Hoy en día, la contradicción universal sigue siendo la de la explotación capitalista, que enfrenta al capital contra el trabajo vivo. Pero la ofensiva tecnológica representada por Trump y Musk puede cambiar esta situación, creando una nueva contradicción principal entre las grandes empresas tecnológicas estadounidenses y aquellos a quienes explotan. Si llegáramos a ese punto, la tarea de la izquierda cambiaría drásticamente. Tomando como ejemplo las guerras coloniales de China, Mao explica que
Cuando el imperialismo inicia una guerra de agresión contra un país, las diversas clases de ese país, con la excepción de un pequeño número de traidores a la nación, pueden unirse temporalmente en una guerra nacional contra el imperialismo. La contradicción entre el imperialismo y el país en cuestión se convierte entonces en la contradicción principal, y todas las contradicciones entre las diversas clases dentro del país (incluida la contradicción, que era la principal, entre el régimen feudal y las masas populares) pasan temporalmente a un segundo plano y a una posición subordinada.

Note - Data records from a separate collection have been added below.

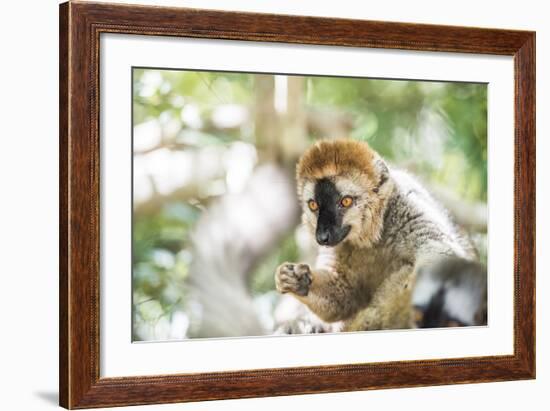 Red-Fronted Lemur (Eulemur Rufifrons), Isalo National Park, Ihorombe Region-Matthew Williams-Ellis-Framed Photographic Print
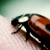 :icongrodis:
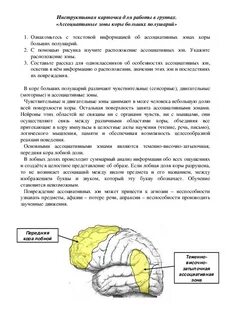 Проводниковый отдел зона коры больших полушарий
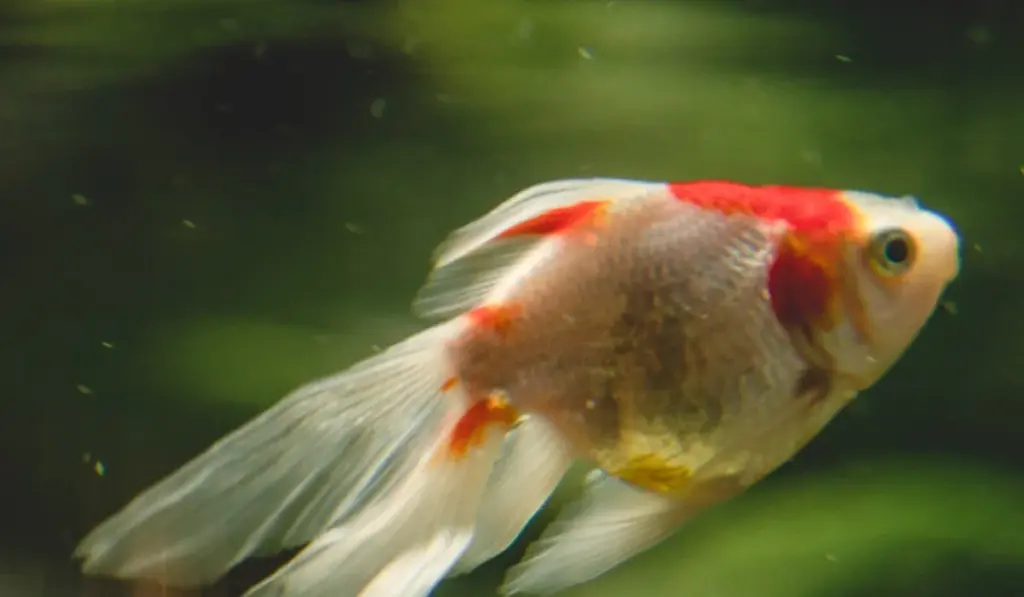 Coldwater vs. Tropical Aquariums: Your Clear-Cut Guide to a Thriving Tank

En el contexto actual, esto significaría formar un frente antitecnofeudal que vaya más allá de la izquierda y llegue a diversas fuerzas democráticas y fracciones del capital en desacuerdo con las grandes empresas tecnológicas. Este movimiento hipotético podría adoptar lo que podríamos llamar una «política digital no alineada», con el objetivo de crear un espacio económico fuera del control de los monopolistas en el que se puedan desarrollar tecnologías alternativas.
Esto, a su vez, implicaría una forma de proteccionismo digital --denegar el acceso a las empresas tecnológicas estadounidenses y desmantelar su infraestructura siempre que sea posible-- así como un nuevo internacionalismo digital, en el que las personas compartan soluciones tecnológicas de forma cooperativa.

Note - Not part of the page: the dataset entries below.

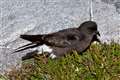 Storm petrels confirmed to be breeding on Isle of May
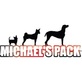 Michael's Pack New Jersey in Keyport, NJ Dog Training School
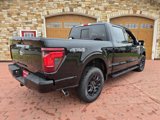 New 2025 Ford F150 XLT w/ Equipment Group 302A MID image 3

Huelga decir que cualquier alianza de este tipo tendría que enfrentarse a diversas barreras estructurales. Debido a la compleja interpenetración de los intereses capitalistas, con inversiones vinculadas entre sí en diferentes sectores y territorios, es difícil determinar qué fracciones de capital están más alineadas con las grandes tecnológicas y cuáles podrían ser presionadas para unirse a la oposición.

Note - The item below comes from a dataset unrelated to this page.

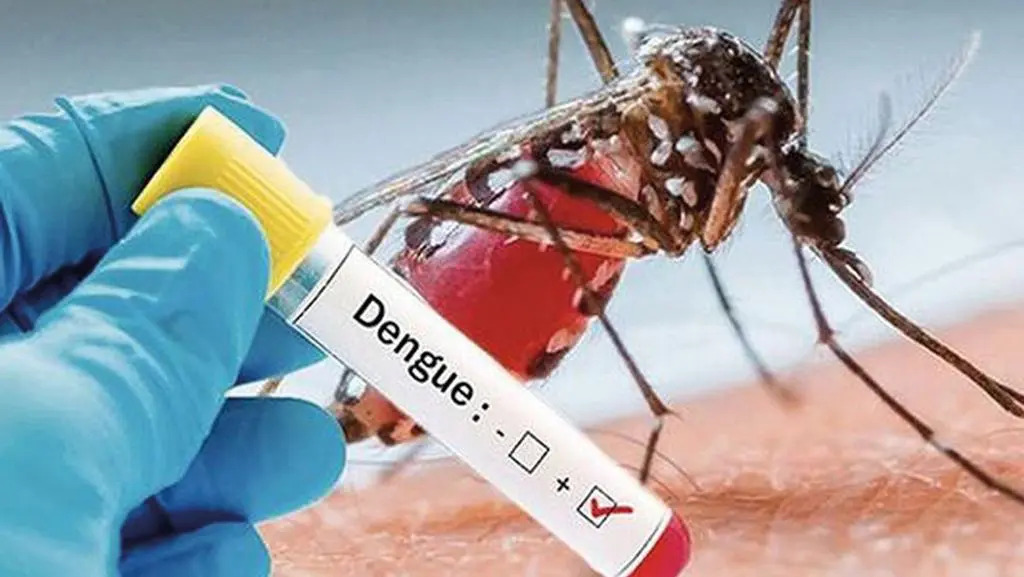 Il numero di casi di dengue a Fano, in provincia di Pesaro e Urbino, ha raggiunto quota 102. La Regione Marche monitora costantemente la situazione, prevedendo ulteriori verifiche sui casi con sintomi compatibili.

También está el hecho de que las burguesías nacionales son socios poco fiables cuando se trata de proyectos de desarrollo fuera del núcleo imperial; suelen estar más interesadas en aumentar su propia riqueza rentista que en efectuar el tipo de cambio estructural que pondría fin a la dependencia. Y existe el peligro de que, incluso si lograra reunir estas fuerzas, un frente antitecnofeudal sería vulnerable a la captura burocrática, confiando el desarrollo de alternativas digitales a expertos en lugar de involucrar activamente a las masas populares.
Sin embargo, los multimillonarios tecnológicos tienen sus propios obstáculos que afrontar. Su proyecto, utilizar una alianza con Trump para derribar los últimos obstáculos que quedan para el control algorítmico, tiene una base social extremadamente estrecha, y la velocidad a la que avanza seguramente generará resistencia tanto de la población general como de las élites.
También debe enfrentarse a la destreza digital de China, ya que empresas rivales como DeepSeek están socavando la imagen de invencibilidad de Silicon Valley. ¿Podría el tecnoimperialismo estadounidense convertirse en un frágil Leviatán? ¿Se recordará el regreso de Trump al poder como un «gran acontecimiento», o se trata simplemente de un falso rumor?